Hayato Kuroda (Fujitsu)

kuroda.hayato@fujitsu.com

12 months ago

In reply to: Amit Kapila (#8)

RE: Fix 035_standby_logical_decoding.pl race conditions

Dear Amit, Bertrand,

Seeing all these failures, I wonder whether we can reliably test
active slots apart from wal_level change test (aka Scenario 6:
incorrect wal_level on primary.). Sure, we can try by having some
injection point kind of tests, but is it really worth because, anyway
the active slots won't get invalidated in the scenarios for row
removal we are testing in this case. The other possibility is to add a
developer-level debug_disable_running_xact GUC to test this and
similar cases, or can't we have an injection point to control logging
this WAL record? I have seen the need to control logging running_xact
record in other cases as well.

Based on the idea which controls generating RUNNING_XACTS, I prototyped a patch.
When the instance is attached the new injection point, all processes would skip
logging the record. This does not need to extend injection_point module.
I tested with reproducer and passed on my env.
Sadly IS_INJECTION_POINT_ATTACHED() was introduced for PG18 so that the patch
could not backport for PG17 as-is.

How do you feel?

Best regards,
Hayato Kuroda
FUJITSU LIMITED

#10

Hayato Kuroda (Fujitsu)

kuroda.hayato@fujitsu.com

12 months ago

In reply to: Amit Kapila (#8)

RE: Fix 035_standby_logical_decoding.pl race conditions

Dear Amit, Bertrand,

Seeing all these failures, I wonder whether we can reliably test
active slots apart from wal_level change test (aka Scenario 6:
incorrect wal_level on primary.).

Hmm, agreed. We do not have good solution to stabilize tests, at least for now.
I've created a patch for PG16 which avoids using active slots in scenario 1, 2, 3,
and 5 like attached. Other tests still use active slots:

* Scenario 6 invalidate slots due to the incorrect wal_level, so it retained.
* 'behaves_ok_' testcase, scenario 4 and 'Test standby promotion...' testcase
won't invalidate slots, so they retained.
* 'DROP DATABASE should drops...' invalidates slots, but it does not related with
xmin horizon, so it retained.

The patch aimed only PG16, but can be created for PG17 as well, if needed.

Best regards,
Hayato Kuroda
FUJITSU LIMITED

#11

Amit Kapila

amit.kapila16@gmail.com

12 months ago

In reply to: Hayato Kuroda (Fujitsu) (#9)

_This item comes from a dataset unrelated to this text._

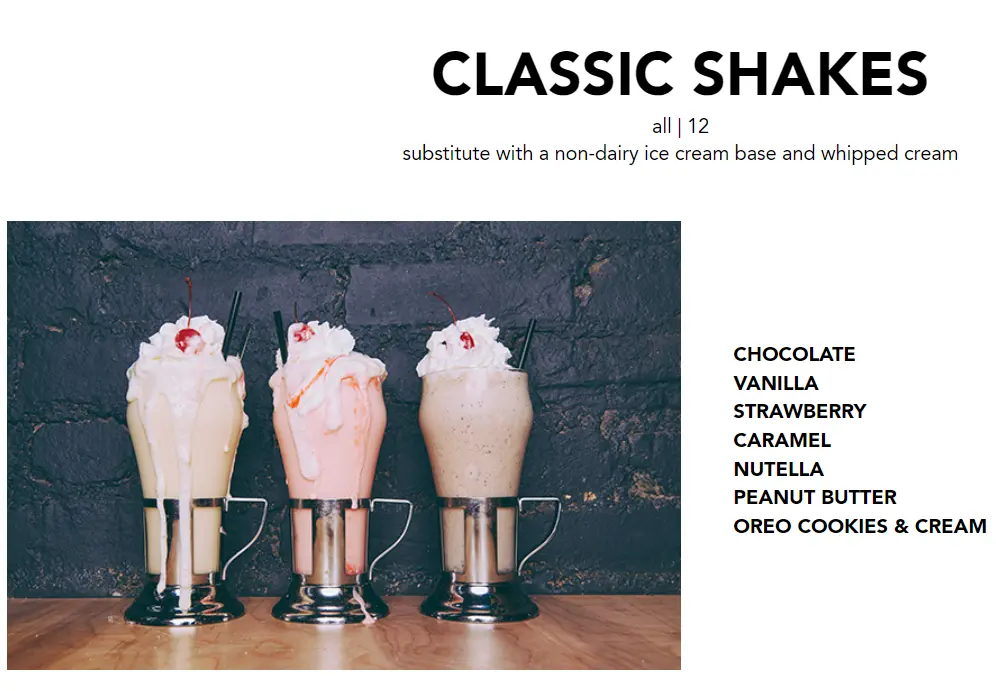 BLACK TAP CLASSIC SHAKES MENU PRICES 2024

Re: Fix 035_standby_logical_decoding.pl race conditions

On Wed, Mar 26, 2025 at 1:17 PM Hayato Kuroda (Fujitsu)
<kuroda.hayato@fujitsu.com> wrote:

Seeing all these failures, I wonder whether we can reliably test
active slots apart from wal_level change test (aka Scenario 6:
incorrect wal_level on primary.). Sure, we can try by having some
injection point kind of tests, but is it really worth because, anyway
the active slots won't get invalidated in the scenarios for row
removal we are testing in this case. The other possibility is to add a
developer-level debug_disable_running_xact GUC to test this and
similar cases, or can't we have an injection point to control logging
this WAL record? I have seen the need to control logging running_xact
record in other cases as well.

Based on the idea which controls generating RUNNING_XACTS, I prototyped a patch.
When the instance is attached the new injection point, all processes would skip
logging the record. This does not need to extend injection_point module.

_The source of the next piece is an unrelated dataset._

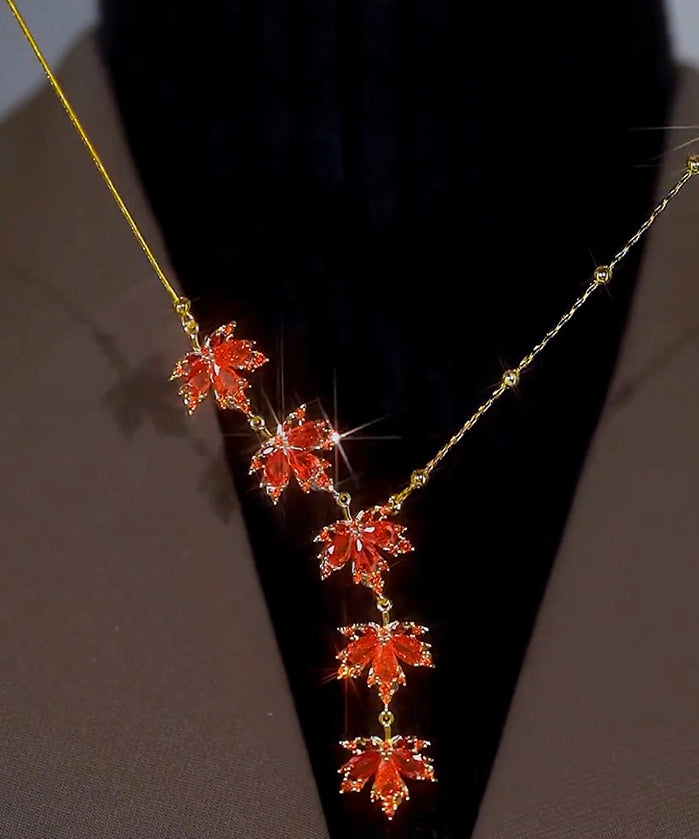 Red Sterling Silver Overgild Maple Leaf Pendant Necklace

Right, I think this is a better idea. I have a few comments:
1.
+ /*
+ * In 035_standby_logical_decoding.pl, RUNNING_XACTS could move slots's
+ * xmin forward and cause random failures.

No need to use test file name in code comments.

2. The comments atop wait_until_vacuum_can_remove can be changed to
indicate that we will avoid logging running_xact with the help of
injection points.

3.
+ # Note that from this point the checkpointer and bgwriter will wait before
+ # they write RUNNING_XACT record.
+ $node_primary->safe_psql('testdb',
+ "SELECT injection_points_attach('log-running-xacts', 'wait');");

Isn't it better to use 'error' as the second parameter as we don't
want to wait at this injection point?

4.
+ # XXX If the instance does not attach 'log-running-xacts', the bgwriter
+ # pocess would generate RUNNING_XACTS record, so that the test would fail.
+ sleep(20);

I think it is better to make a separate patch (as a first patch) for
this so that it can be used as a reproducer. I suggest to use
checkpoint as used by one of Bertrand's patches to ensure that the
issue reproduces in every environment.

Sadly IS_INJECTION_POINT_ATTACHED() was introduced for PG18 so that the patch
could not backport for PG17 as-is.

We can use 'wait' mode API in PG17 as used in one of the tests
(injection_points_attach('heap_update-before-pin', 'wait');) but I
think it may be better to just leave testing active slots in
backbranches because anyway the new development happens on HEAD and we
want to ensure that no breakage happens there.

--
With Regards,
Amit Kapila.

#12

Hayato Kuroda (Fujitsu)

kuroda.hayato@fujitsu.com

11 months ago

In reply to: Amit Kapila (#11)

RE: Fix 035_standby_logical_decoding.pl race conditions

Dear Amit,

Right, I think this is a better idea. I have a few comments:
1.
+ /*
+ * In 035_standby_logical_decoding.pl, RUNNING_XACTS could move slots's
+ * xmin forward and cause random failures.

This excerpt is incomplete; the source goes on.